Even though they are not the same kind of stores, they solve the same problems:

  • scalable storage of data
  • random access to the data
  • low latency access

We were very enthusiastic about HBase at first. It is built on Hadoop (which is rock-solid), it is under Apache, it is active... what more could you want? Our experience:

  • HBase is fragile
  • administrator's nightmare (full of configuration settings where default ones are less than perfect, nontransparent configuration, changes from version to version,...)
  • loses data (unless you have set the X configuration and changed Y to... you get the point :) - we found that out when HBase crashed and we lost 2 hours (!!!) of data because WAL was not setup properly
  • lacks secondary indexes
  • lacks any way to perform a backup of database without shutting it down

All in all, HBase was a nightmare. Wouldn't recommend it to anyone except to our direct competitors. :)

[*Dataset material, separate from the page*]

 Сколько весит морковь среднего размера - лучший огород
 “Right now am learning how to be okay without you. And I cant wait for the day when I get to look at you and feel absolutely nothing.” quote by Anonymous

MongoDB solves all these problems and many more. It is a delight to setup, it makes administrating it a simple and transparent job and the default configuration settings actually make sense. You can perform (hot) backups, you can have secondary indexes. From what I read, I wouldn't recommend MapReduce on MongoDB (JavaScript, 1 thread per node only), but you can use Hadoop for that.

And it is also VERY active when compared to HBase.

Also:http://www.google.com/trends?q=HBase%2CMongoDB

Need I say more? :)

UPDATE: many months later I must say MongoDB delivered on all accounts and more. The only real downside is that hosting companies do not offer it the way they offer MySQL. ;) It also looks like MapReduce is bound to become multi-threaded in 2.2. Still, I wouldn't use MR this way. YMMV.